But what if I treated the data more as it was now beginning to look to me: as textual markup? Looking at the problem this way revealed new possibilities. I began to think of a solution that would recognize and match the patterns inherent in the data instead of attempting to deconstruct and then reconstruct the data based upon the rules on which it had been built.

Finally, to ensure that I did not repeat my earlier mistake of coding to a data set that was too limited, I employed a more systematic workflow (Figure 2):

1. I created a script that would apply my title extraction routine to each 245 in the entire batch of MARC records for the collection and output the results in a text file for me to examine. I also created a script that would apply the same routine to a single title that I defined within the script (for testing and developing).
2. I ran the batch conversion script on the entire MARC record store.
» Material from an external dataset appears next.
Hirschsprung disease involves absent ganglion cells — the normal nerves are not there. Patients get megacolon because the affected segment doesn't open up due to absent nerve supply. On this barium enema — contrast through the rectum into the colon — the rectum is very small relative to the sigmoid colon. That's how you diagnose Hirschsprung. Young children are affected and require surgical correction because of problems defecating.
The script generated a plain text file containing each converted title.
3. I looked through the output to find the next title that did not convert correctly.
4. I looked up the 245 in a human-readable version of the MARC record store.
5. I used the new 245 as my test case and rewrote or tweaked my code until that 245 converted to an acceptable-looking title without breaking my previous test cases.
6. I repeated steps 2 through 5 until I could find no more titles in the batch output that looked incorrect.
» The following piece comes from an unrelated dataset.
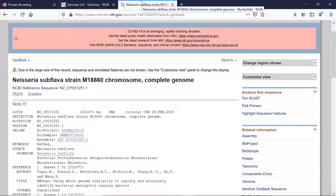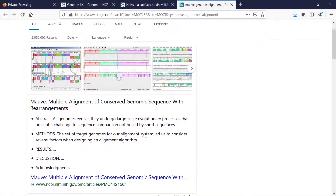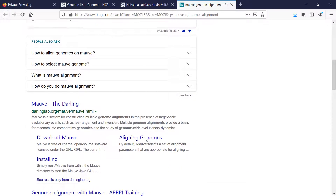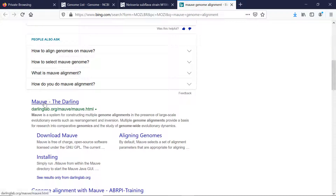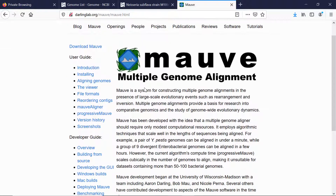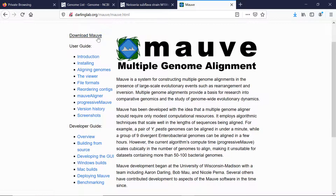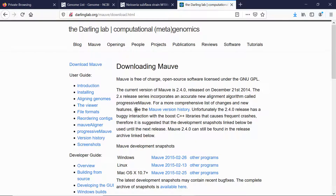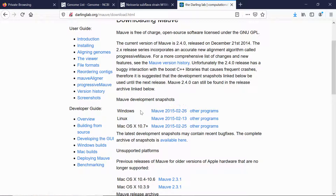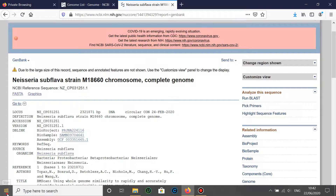You'll then need to access MOVE. If you don't know where it is, you can type in 'MOVE genome alignment'. Look down and you'll find the Darling Lab — that's MOVE from the Darling Lab. If you want to download it, select 'Download MOVE' and then select the version suitable for you. I've got a version suitable for Windows which I've already downloaded, so I'll open up MOVE.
Figure 2. Title-conversion-routine-revision workflow

Toward a Revised Solution

When I was ready to write my new algorithm, I began by browsing through my MARC record dump to see what consistent patterns I could find in the 245 data. I noticed several. Periods and semicolons seemed to delimit major components of the overall title—especially when titles of separate works were contained within the overall album title. Forward slashes delimited the beginning of a list of responsible parties, which always ended with a period. Equals signs indicated translations. Colons and commas indicated minor subdivisions within a component of a single work’s title. Brackets indicated information that the cataloger had included but had not transcribed directly from the physical item during cataloging. From these particular patterns, I could divide punctuation appearing in the title into three separate categories: punctuation that served as a major component separator (.;), punctuation that indicated information I wanted to remove (/=[]), and punctuation that served as a minor component separator (,:).
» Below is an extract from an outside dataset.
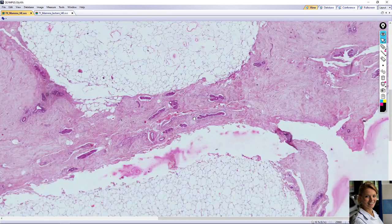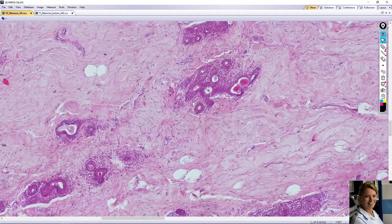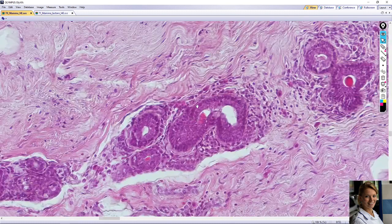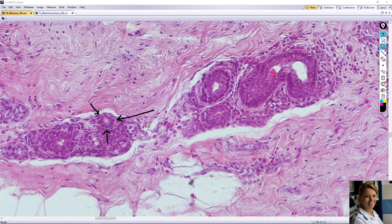A glandular lobe consists of small tubules or intralobular tubes, no ducts, here, which are lined with a cuboid or low columnar epithelium. At the base of the epithelium are the contractile myoepithelial cells, which have flattened darker nuclei here and here — the myoepithelial cells.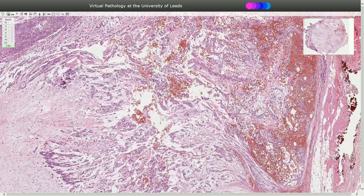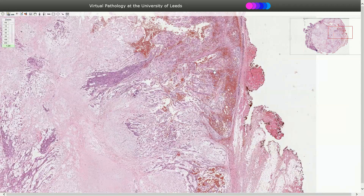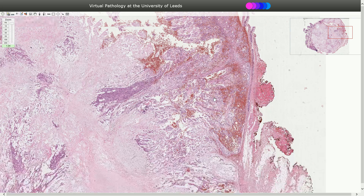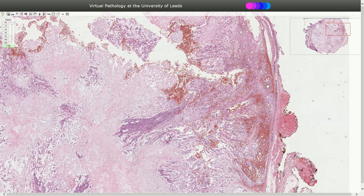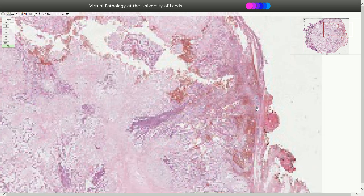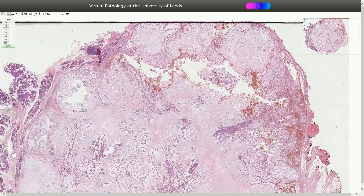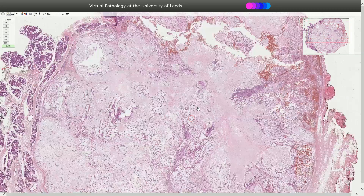Sometimes we can see carcinoma that was transformed from a prior Pleomorphic Adenoma. This tumor is called carcinoma ex Pleomorphic Adenoma, so we need to pay attention and check for this type of transformation. The carcinoma can be seen inside the tumor or associated with infiltration into adjacent structures — carcinoma with infiltration beyond the capsule. But that's not what we see here, so this is a normal benign Pleomorphic Adenoma.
I noticed a couple of complicating factors, however. First—and most seriously—periods were used not only as component delimiters but also to indicate abbreviations. Second, I noticed that there were actually cases in which bracketed information was desirable to keep in the final output.

The first problem was the more challenging. There seemed to be no convenient way to tell which periods were used for abbreviations and which were not. I solved the problem using brute force—I created a separate script that looped through each 245 in the entire MARC record batch. It read any words that ended with a period, tallied them up, and generated a sorted list:

721	op
573	no
251	Mozart
250	Bach
109	Beethoven
105	nos
95	Vol
94	K
83	Haydn
70	Mendelssohn
69	Vivaldi
67	Schubert
65	Schumann
65	Brahms
43	Handel
40	J
35	Chopin
34	D
30	Shostakovich
30	Prokofiev
29	al
28	No
28	Debussy
25	music
25	Ravel

It took little time to eyeball the list, extract what appeared to be abbreviations, and use those abbreviations as exceptions in my pattern-matching routines. I also excepted any initials (i.e., individual alphanumeric characters appearing as words unto themselves or sets of individual alphanumeric characters separated by periods).

The second complicating factor—the brackets—was much easier to rectify. In general, I noticed that brackets appearing in ‡h contained data that I wanted removed; brackets appearing in any other subfield contained data that I did not want to remove, though I still wanted to remove the brackets themselves.

My new code takes a basic two-step approach. First, it loops through each subfield contained within a 245 field and preprocesses the subfield data—it processes abbreviations; it generates an unambiguous delimiter character (the pipe (|)) to replace the periods that serve as “major component” delimiters; and it preprocesses certain other punctuation marks based upon the subfield in which they fall, such as the brackets in the ‡h. Second, it processes the entire title as a single string—it matches patterns in the whole string that it would otherwise miss simply looking at each subfield in isolation; it determines data to be removed and removes it; it consolidates any repeated pipes into a single pipe character; and finally it converts all pipes to semicolons and performs other formatting cleanup.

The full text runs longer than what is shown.